The results were interpreted comparing treatment groups with respect to controls, which were treated concurrently with vehicle (sunflower oil) only.

Results

There was no test item related mortality at any dose level (600, 200 or 60 mg/kg bw/day).

Test item related salivation was observed in male and female animals at 600, 200 or 60 mg/kg bw/day with variable occurrence within a group in a dose related onset and frequency after the daily treatment. Salivation appeared immediately before the daily treatment in some cases at 600 mg/kg bw/day (male and female). No toxic signs related to the test item were found at the detailed weekly and terminal functional observations. The behavior and physical condition of animals were normal during the entire observation period (pre-mating, mating, post-mating, gestation and lactation periods).

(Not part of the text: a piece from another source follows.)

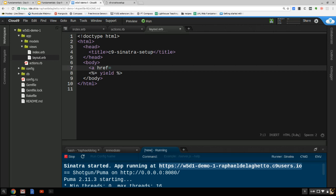We'll call it 'reset_visits', just to make it very clear what it actually does. And we'll do the same thing for the link text.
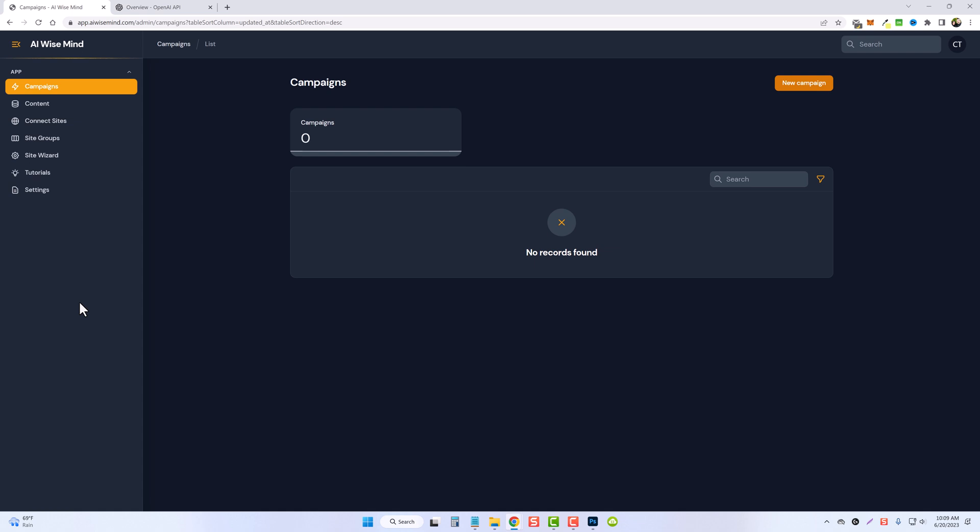Hey and welcome to AI Wise Mind. In this video we're going to get you set up so you can get started running your campaigns.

The body weight and body weight gain was reduced with respect to controls in male animals at 600 mg/kg bw/day. The less body weight gain resulted in a slightly less body weight with respect to controls from day 7 up to the termination of the study.

A test item influence on the mean daily food consumption was observed in male animals at 600 mg/kg bw/day during the premating and post mating week 1.

Hematology examinations revealed slightly less number of red blood cell count and higher reticulocyte count in male animals administered with 600 mg/kg bw/day.

No test item-related changes were observed in investigated clinical chemistry parameters. Necropsy Specific macroscopic alterations related to the test item were not found during the necropsy.

Slightly higher mean weights of spleen and adrenal gland (absolute and relative to body and brain weights) were indicative of test item influence on function of these organs in male animals at 600 mg/kg bw/day dose.

Histological examination did not detect any toxic or test substance related lesions in the genital and other organs of the experimental animals.

Conclusion

Under the conditions of the present study, TBPIB- caused salivation (male and female), changes in body weight (male), food consumption (male), red blood cell parameters (RBC, RET; male) and in weight of spleen and adrenal glands (male) following an oral administration at 600 mg/kg bw/day to Hsd.Brl.Han:Wistar rats during the Combined Repeated Dose Toxicity Study with the Reproduction/Developmental Toxicity Screening Test. At 200 and 60 mg/kg bw/day, salivation was observed in male and female animals. No indication of a toxic effect on the reproduction performance was noted in this study up to the highest concentration tested. No test item related adverse effect on the offspring development was observed. Based on these observations the No Observed (Adverse) Effect Levels (NO(A)EL) were determined as follows:

NO(A)EL for male rats: 200 mg/kg bw/day

NO(A)EL for female rats:600 mg/kg bw/day

Justification for classification or non-classification

Based on the results of the subacute repeated oral toxicity study, tert-butyl peroxyisobutyrate was not classified and labelled according to Regulation (EC) No 1272/2008 (CLP).